Endpoint conclusion:

no adverse effect observed

Dose descriptor:

LD50

Value:

2 500 mg/kg bw

Quality of whole database:

GLP-conform study, according to OECD guideline and EU method

Acute toxicity: via inhalation route

Endpoint conclusion

Endpoint conclusion:

no study available

Acute toxicity: via dermal route

Endpoint conclusion

Endpoint conclusion:

no study available

Additional information

In an oral acute toxicity study, six fasted Sprague-Dawley (3 male and 3 female) rats were orally exposed once with the test substance at a concentration level of 2000 mg/kg bw and were observed for a period of 14 days (OECD 423). No deaths and abnormalities at necropsy were observed. All animals showed expected gains in bodyweight over the study period. Signs of systemic toxicity were hunched posture, lethargy and ataxia, however disappeared during the observation period. The LD50 value of the test material was estimated to be greater than 2500 mg/kg bw.

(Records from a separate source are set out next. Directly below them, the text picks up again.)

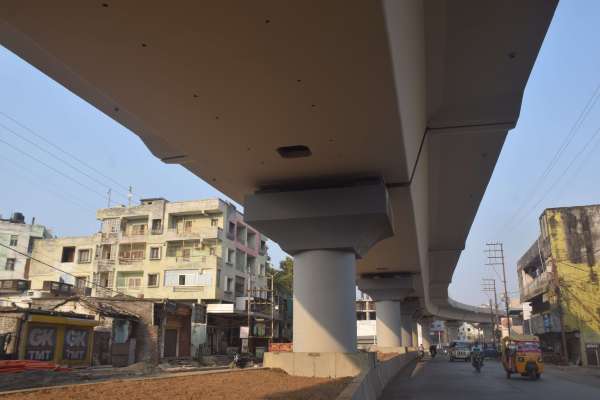 नये लुक मे फलाई ओवर   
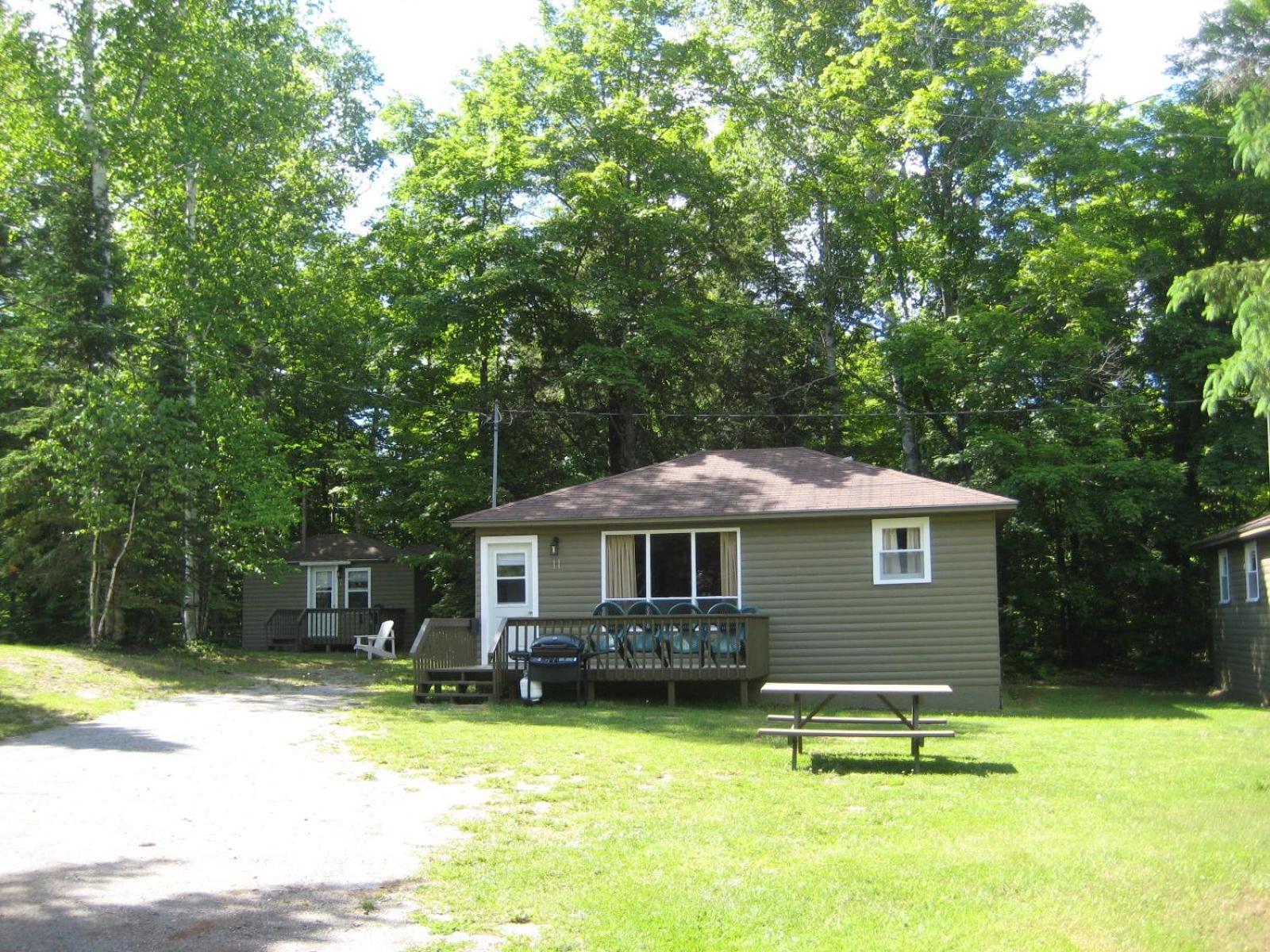 Cloverleaf Cottages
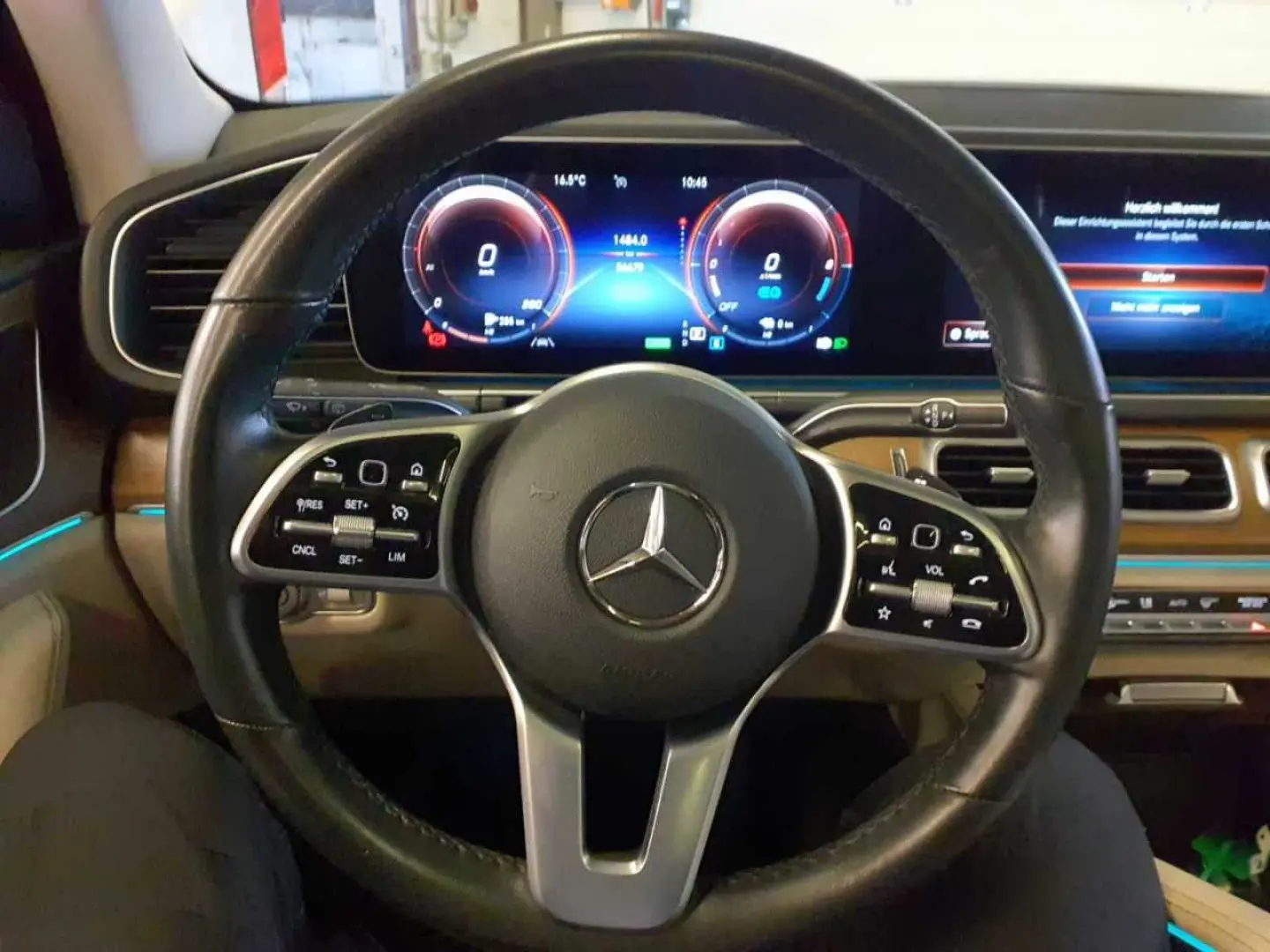 GLE 350 e AMG Pano 360 Massag belüft Night 20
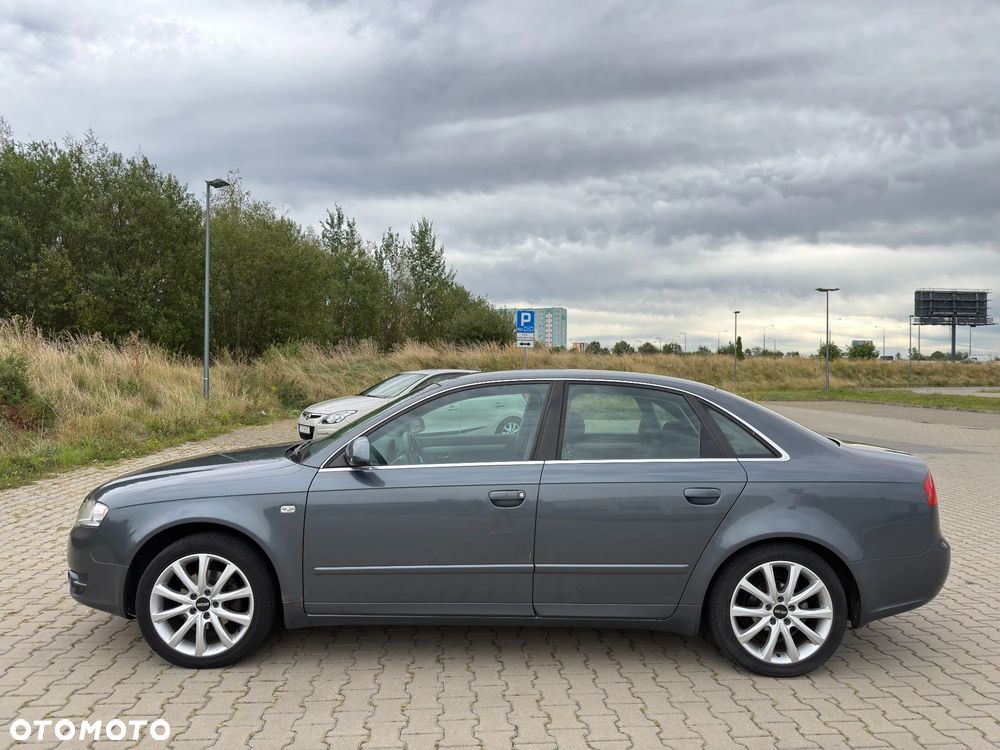 Audi A4 Limousine - 4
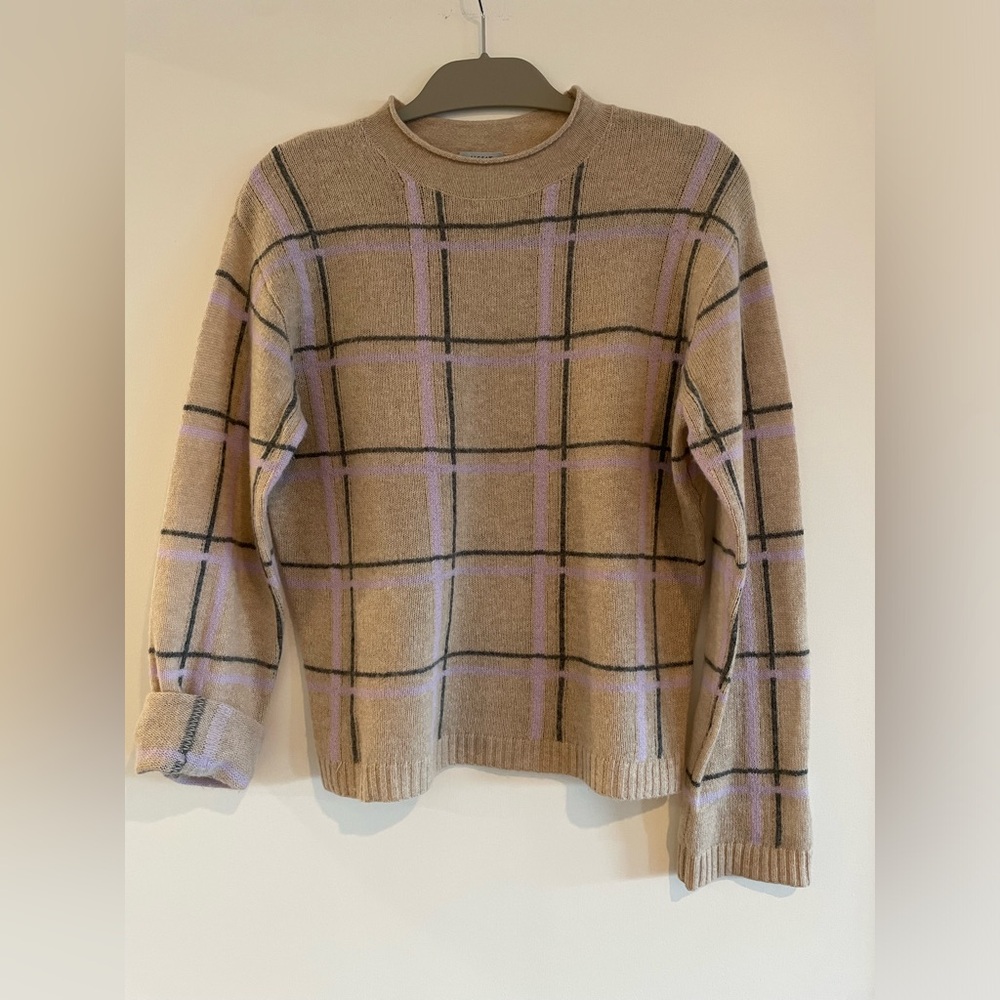 Jigsaw window pane plaid, tan with gray and lavender, size XS.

Justification for selection of acute toxicity – oral endpoint
Only one reliable study available.

Justification for classification or non-classification

The available data gave no indications for acute toxic properties of the test substance via oral route. On the basis of these data the substance is not considered to be classified for oral acute toxicity under Regulation (EC) No 1272/2008 (CLP).